◆ PROMPT:
Reproduce every entry exactly, without alteration.

◆ INPUT:

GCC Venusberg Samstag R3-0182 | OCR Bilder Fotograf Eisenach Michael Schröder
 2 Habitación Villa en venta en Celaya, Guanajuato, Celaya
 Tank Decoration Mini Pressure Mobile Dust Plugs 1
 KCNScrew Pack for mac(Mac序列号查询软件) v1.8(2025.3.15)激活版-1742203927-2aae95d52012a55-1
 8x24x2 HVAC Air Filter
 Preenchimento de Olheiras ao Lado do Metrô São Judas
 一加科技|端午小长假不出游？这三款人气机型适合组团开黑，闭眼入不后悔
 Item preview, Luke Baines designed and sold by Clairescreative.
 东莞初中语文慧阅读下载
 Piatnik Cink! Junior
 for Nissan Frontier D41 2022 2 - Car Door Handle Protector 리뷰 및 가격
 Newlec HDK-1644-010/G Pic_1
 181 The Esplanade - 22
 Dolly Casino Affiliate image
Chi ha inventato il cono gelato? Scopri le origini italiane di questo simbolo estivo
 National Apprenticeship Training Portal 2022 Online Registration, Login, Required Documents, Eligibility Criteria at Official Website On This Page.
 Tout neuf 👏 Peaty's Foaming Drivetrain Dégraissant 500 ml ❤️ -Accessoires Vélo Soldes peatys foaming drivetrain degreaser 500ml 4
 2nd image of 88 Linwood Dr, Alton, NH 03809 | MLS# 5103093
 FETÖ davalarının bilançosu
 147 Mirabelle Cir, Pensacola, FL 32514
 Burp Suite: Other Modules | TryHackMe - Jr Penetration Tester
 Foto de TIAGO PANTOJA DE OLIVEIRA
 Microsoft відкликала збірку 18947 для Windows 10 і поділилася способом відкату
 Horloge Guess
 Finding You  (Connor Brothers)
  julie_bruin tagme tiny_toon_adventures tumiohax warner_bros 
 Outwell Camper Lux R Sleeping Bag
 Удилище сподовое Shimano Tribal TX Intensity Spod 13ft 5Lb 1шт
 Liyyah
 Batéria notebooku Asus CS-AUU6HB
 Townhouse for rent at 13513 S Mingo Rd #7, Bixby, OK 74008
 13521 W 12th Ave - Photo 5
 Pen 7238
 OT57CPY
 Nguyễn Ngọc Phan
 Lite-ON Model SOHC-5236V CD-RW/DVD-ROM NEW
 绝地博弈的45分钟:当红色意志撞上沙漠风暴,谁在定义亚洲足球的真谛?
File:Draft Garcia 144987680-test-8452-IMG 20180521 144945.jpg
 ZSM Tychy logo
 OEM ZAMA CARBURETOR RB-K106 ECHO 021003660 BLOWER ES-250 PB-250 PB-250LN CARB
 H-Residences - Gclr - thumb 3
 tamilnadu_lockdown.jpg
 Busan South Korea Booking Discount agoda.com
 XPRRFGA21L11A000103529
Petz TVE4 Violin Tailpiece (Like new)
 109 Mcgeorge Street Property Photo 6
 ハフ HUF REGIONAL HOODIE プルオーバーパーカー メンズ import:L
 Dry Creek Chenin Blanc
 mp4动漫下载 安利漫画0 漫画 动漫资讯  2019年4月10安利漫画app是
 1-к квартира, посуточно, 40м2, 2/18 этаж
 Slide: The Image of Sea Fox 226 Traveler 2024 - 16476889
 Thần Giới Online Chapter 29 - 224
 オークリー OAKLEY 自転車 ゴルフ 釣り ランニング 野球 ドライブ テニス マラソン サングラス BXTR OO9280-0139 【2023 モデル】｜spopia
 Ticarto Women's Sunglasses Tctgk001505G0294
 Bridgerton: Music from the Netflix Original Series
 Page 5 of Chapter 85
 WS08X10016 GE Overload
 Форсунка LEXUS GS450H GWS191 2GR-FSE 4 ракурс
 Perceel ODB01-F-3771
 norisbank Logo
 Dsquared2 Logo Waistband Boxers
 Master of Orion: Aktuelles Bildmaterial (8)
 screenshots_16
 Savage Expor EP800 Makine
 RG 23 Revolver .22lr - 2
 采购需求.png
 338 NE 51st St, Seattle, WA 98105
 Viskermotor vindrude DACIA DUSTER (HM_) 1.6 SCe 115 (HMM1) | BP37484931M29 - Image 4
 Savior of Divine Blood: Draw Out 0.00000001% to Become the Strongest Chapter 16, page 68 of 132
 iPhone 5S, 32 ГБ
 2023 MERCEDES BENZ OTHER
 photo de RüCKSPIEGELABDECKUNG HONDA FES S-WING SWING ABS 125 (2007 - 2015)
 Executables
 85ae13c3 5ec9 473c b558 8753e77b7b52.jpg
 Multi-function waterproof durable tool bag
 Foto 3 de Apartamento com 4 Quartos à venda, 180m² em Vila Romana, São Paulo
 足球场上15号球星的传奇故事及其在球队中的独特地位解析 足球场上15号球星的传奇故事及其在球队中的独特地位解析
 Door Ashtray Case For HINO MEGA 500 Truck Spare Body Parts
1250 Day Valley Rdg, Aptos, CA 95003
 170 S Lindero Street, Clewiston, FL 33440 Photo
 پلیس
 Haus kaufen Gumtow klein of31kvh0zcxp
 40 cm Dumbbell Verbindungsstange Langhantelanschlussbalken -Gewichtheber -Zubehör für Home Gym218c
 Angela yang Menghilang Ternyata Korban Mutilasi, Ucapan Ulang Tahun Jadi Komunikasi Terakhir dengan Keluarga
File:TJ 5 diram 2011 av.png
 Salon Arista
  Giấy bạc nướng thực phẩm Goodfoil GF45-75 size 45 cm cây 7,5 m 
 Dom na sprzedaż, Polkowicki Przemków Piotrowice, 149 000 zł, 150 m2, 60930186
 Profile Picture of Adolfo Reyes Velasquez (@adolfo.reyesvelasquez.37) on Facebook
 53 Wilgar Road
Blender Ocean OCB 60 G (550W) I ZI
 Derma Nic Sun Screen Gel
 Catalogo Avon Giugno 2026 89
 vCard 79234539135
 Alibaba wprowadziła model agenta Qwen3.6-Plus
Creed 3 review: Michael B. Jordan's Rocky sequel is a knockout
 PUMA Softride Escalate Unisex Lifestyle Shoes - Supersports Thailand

◆ YOUR SOLUTION:
GCC Venusberg Samstag R3-0182 | OCR Bilder Fotograf Eisenach Michael Schröder
 2 Habitación Villa en venta en Celaya, Guanajuato, Celaya
 Tank Decoration Mini Pressure Mobile Dust Plugs 1
 KCNScrew Pack for mac(Mac序列号查询软件) v1.8(2025.3.15)激活版-1742203927-2aae95d52012a55-1
 8x24x2 HVAC Air Filter
 Preenchimento de Olheiras ao Lado do Metrô São Judas
 一加科技|端午小长假不出游？这三款人气机型适合组团开黑，闭眼入不后悔
 Item preview, Luke Baines designed and sold by Clairescreative.
 东莞初中语文慧阅读下载
 Piatnik Cink! Junior
 for Nissan Frontier D41 2022 2 - Car Door Handle Protector 리뷰 및 가격
 Newlec HDK-1644-010/G Pic_1
 181 The Esplanade - 22
 Dolly Casino Affiliate image
Chi ha inventato il cono gelato? Scopri le origini italiane di questo simbolo estivo
 National Apprenticeship Training Portal 2022 Online Registration, Login, Required Documents, Eligibility Criteria at Official Website On This Page.
 Tout neuf 👏 Peaty's Foaming Drivetrain Dégraissant 500 ml ❤️ -Accessoires Vélo Soldes peatys foaming drivetrain degreaser 500ml 4
 2nd image of 88 Linwood Dr, Alton, NH 03809 | MLS# 5103093
 FETÖ davalarının bilançosu
 147 Mirabelle Cir, Pensacola, FL 32514
 Burp Suite: Other Modules | TryHackMe - Jr Penetration Tester
 Foto de TIAGO PANTOJA DE OLIVEIRA
 Microsoft відкликала збірку 18947 для Windows 10 і поділилася способом відкату
 Horloge Guess
 Finding You  (Connor Brothers)
  julie_bruin tagme tiny_toon_adventures tumiohax warner_bros 
 Outwell Camper Lux R Sleeping Bag
 Удилище сподовое Shimano Tribal TX Intensity Spod 13ft 5Lb 1шт
 Liyyah
 Batéria notebooku Asus CS-AUU6HB
 Townhouse for rent at 13513 S Mingo Rd #7, Bixby, OK 74008
 13521 W 12th Ave - Photo 5
 Pen 7238
 OT57CPY
 Nguyễn Ngọc Phan
 Lite-ON Model SOHC-5236V CD-RW/DVD-ROM NEW
 绝地博弈的45分钟:当红色意志撞上沙漠风暴,谁在定义亚洲足球的真谛?
File:Draft Garcia 144987680-test-8452-IMG 20180521 144945.jpg
 ZSM Tychy logo
 OEM ZAMA CARBURETOR RB-K106 ECHO 021003660 BLOWER ES-250 PB-250 PB-250LN CARB
 H-Residences - Gclr - thumb 3
 tamilnadu_lockdown.jpg
 Busan South Korea Booking Discount agoda.com
 XPRRFGA21L11A000103529
Petz TVE4 Violin Tailpiece (Like new)
 109 Mcgeorge Street Property Photo 6
 ハフ HUF REGIONAL HOODIE プルオーバーパーカー メンズ import:L
 Dry Creek Chenin Blanc
 mp4动漫下载 安利漫画0 漫画 动漫资讯  2019年4月10安利漫画app是
 1-к квартира, посуточно, 40м2, 2/18 этаж
 Slide: The Image of Sea Fox 226 Traveler 2024 - 16476889
 Thần Giới Online Chapter 29 - 224
 オークリー OAKLEY 自転車 ゴルフ 釣り ランニング 野球 ドライブ テニス マラソン サングラス BXTR OO9280-0139 【2023 モデル】｜spopia
 Ticarto Women's Sunglasses Tctgk001505G0294
 Bridgerton: Music from the Netflix Original Series
 Page 5 of Chapter 85
 WS08X10016 GE Overload
 Форсунка LEXUS GS450H GWS191 2GR-FSE 4 ракурс
 Perceel ODB01-F-3771
 norisbank Logo
 Dsquared2 Logo Waistband Boxers
 Master of Orion: Aktuelles Bildmaterial (8)
 screenshots_16
 Savage Expor EP800 Makine
 RG 23 Revolver .22lr - 2
 采购需求.png
 338 NE 51st St, Seattle, WA 98105
 Viskermotor vindrude DACIA DUSTER (HM_) 1.6 SCe 115 (HMM1) | BP37484931M29 - Image 4
 Savior of Divine Blood: Draw Out 0.00000001% to Become the Strongest Chapter 16, page 68 of 132
 iPhone 5S, 32 ГБ
 2023 MERCEDES BENZ OTHER
 photo de RüCKSPIEGELABDECKUNG HONDA FES S-WING SWING ABS 125 (2007 - 2015)
 Executables
 85ae13c3 5ec9 473c b558 8753e77b7b52.jpg
 Multi-function waterproof durable tool bag
 Foto 3 de Apartamento com 4 Quartos à venda, 180m² em Vila Romana, São Paulo
 足球场上15号球星的传奇故事及其在球队中的独特地位解析 足球场上15号球星的传奇故事及其在球队中的独特地位解析
 Door Ashtray Case For HINO MEGA 500 Truck Spare Body Parts
1250 Day Valley Rdg, Aptos, CA 95003
 170 S Lindero Street, Clewiston, FL 33440 Photo
 پلیس
 Haus kaufen Gumtow klein of31kvh0zcxp
 40 cm Dumbbell Verbindungsstange Langhantelanschlussbalken -Gewichtheber -Zubehör für Home Gym218c
 Angela yang Menghilang Ternyata Korban Mutilasi, Ucapan Ulang Tahun Jadi Komunikasi Terakhir dengan Keluarga
File:TJ 5 diram 2011 av.png
 Salon Arista
  Giấy bạc nướng thực phẩm Goodfoil GF45-75 size 45 cm cây 7,5 m 
 Dom na sprzedaż, Polkowicki Przemków Piotrowice, 149 000 zł, 150 m2, 60930186
 Profile Picture of Adolfo Reyes Velasquez (@adolfo.reyesvelasquez.37) on Facebook
 53 Wilgar Road
Blender Ocean OCB 60 G (550W) I ZI
 Derma Nic Sun Screen Gel
 Catalogo Avon Giugno 2026 89
 vCard 79234539135
 Alibaba wprowadziła model agenta Qwen3.6-Plus
Creed 3 review: Michael B. Jordan's Rocky sequel is a knockout
 PUMA Softride Escalate Unisex Lifestyle Shoes - Supersports Thailand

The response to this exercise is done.